Situated along a quiet row of houses off Sixth Avenue, the site for Y-House has relatively sharp typographic features, with a distinctly narrow front and a two-storey high retaining wall at the back.
The first floor comprises an open-concept kitchen and dining area as well as a quaint little bamboo terrace. To the front of the building sits a study with a clear view of the entrance, whilst the service quarters are located at the back. Communal areas are congregated at the second level, whereby the living area opens up into an outdoor deck at the rear of the house. The second floor also houses the childrens’ loft bedrooms as well as an additional room for guests. In the attic is the master bedroom with en-suite bathroom and walk-in wardrobe. This spacious room enjoys a gorgeous view as it looks out into the beautiful green field and lush forest nearby.
Highlights of this house include its gable roof and rather unconventional spatial orientation. In addition, minimalist architectural shapes and forms within the house are clearly accentuated by the use of complementary material, such as composite wood cladding contrasted against grey, fair-faced concrete surfaces.

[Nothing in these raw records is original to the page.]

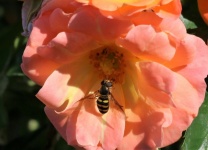 Hoverfly On Pink Rose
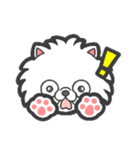 EXOTIC CUTE CAT 4（個別スタンプ：24）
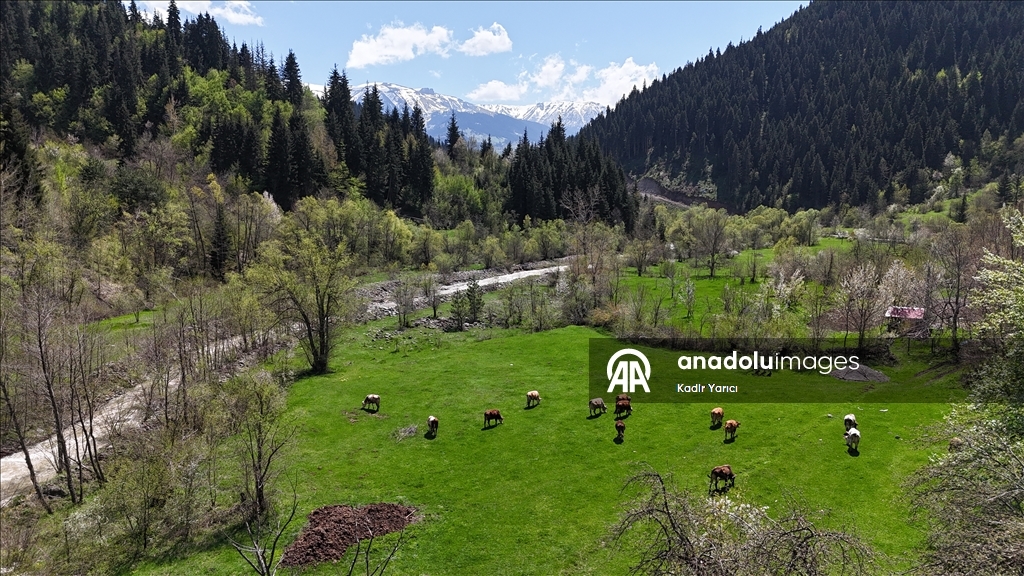 'Sakin şehir' Şavşat’ta ilkbaharla birlikte tabiat canlandı
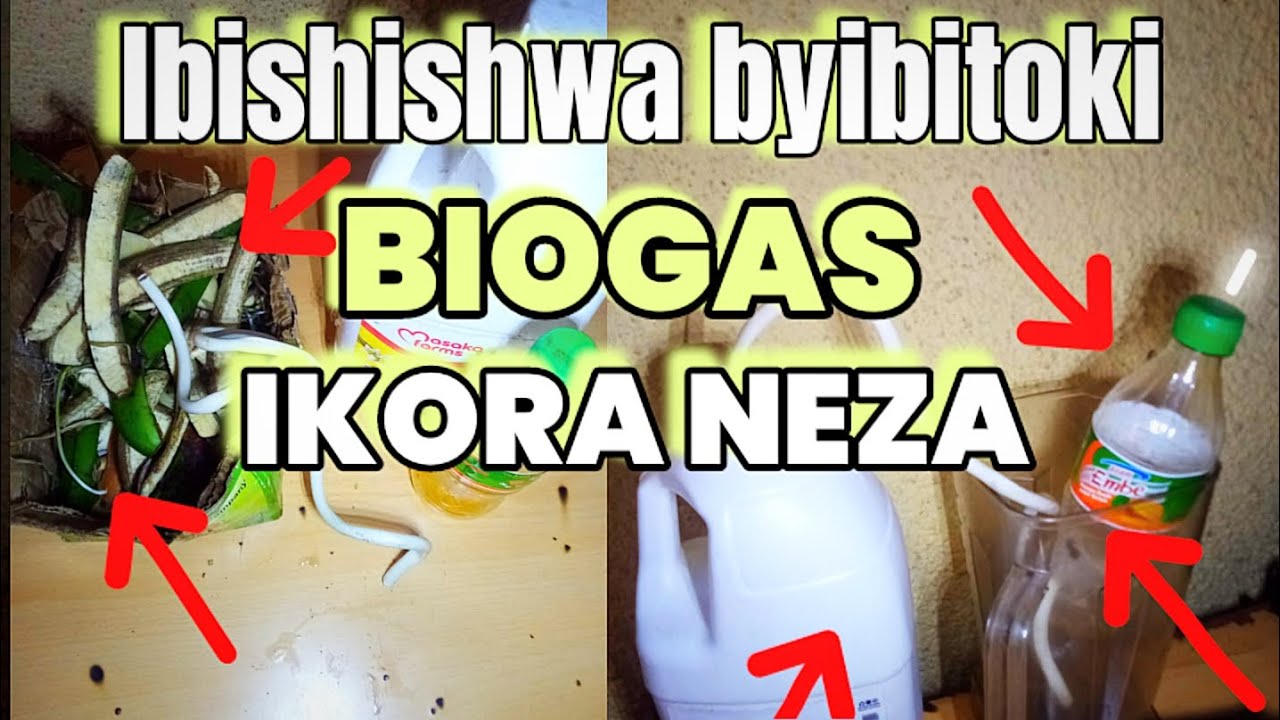 Dore uko wabyaza ibishishwa by'ibitoki mo biogas 👍ikora cyane biroroshye cyane 🤪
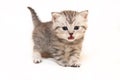 Gray British kitten meows standing in front of the camera Royalty Free Stock Photo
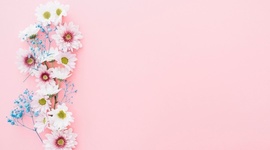 Timeline: desarrollo de la comunicacion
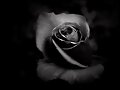 ROSA NEGRA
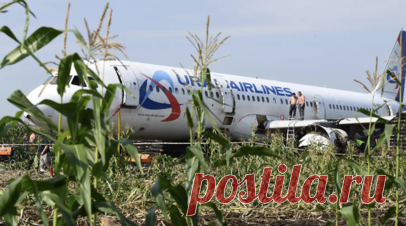 МАК опубликовал финальный отчёт о посадке Airbus в кукурузном поле в 2019 году. Самолёт А321 авиакомпании «Уральские авиалинии», совершивший жёсткую посадку в кукурузном поле в Московской области в августе 2019 года, при взлёте столкнулся со стаей чаек, следует из окончательного отчёта Межгосударственного авиационного комитета (МАК). Читать далее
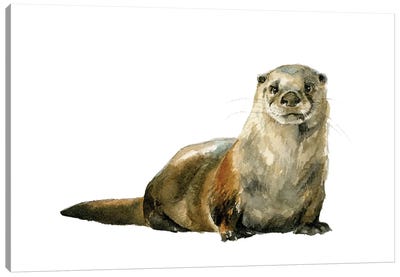 River Otter Canvas Art Print - Allison Gray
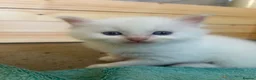 Ragdoll cats for sale: Beautiful ragdolls - Advert 7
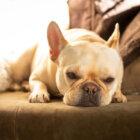 フレンチブルドッグ,香水,ネイル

The concrete walls are punctuated at selected portions with framed metal fenestrations to provide a viewing window whilst also maintaining a degree of privacy. Beige limestone also lightens the industrial-feel of the concrete walls by bringing with it a sense of warmth and comfort. As an eco-friendly gesture, 80% of the composite wood used for cladding, outdoor decking and bedroom flooring is made from rice husks.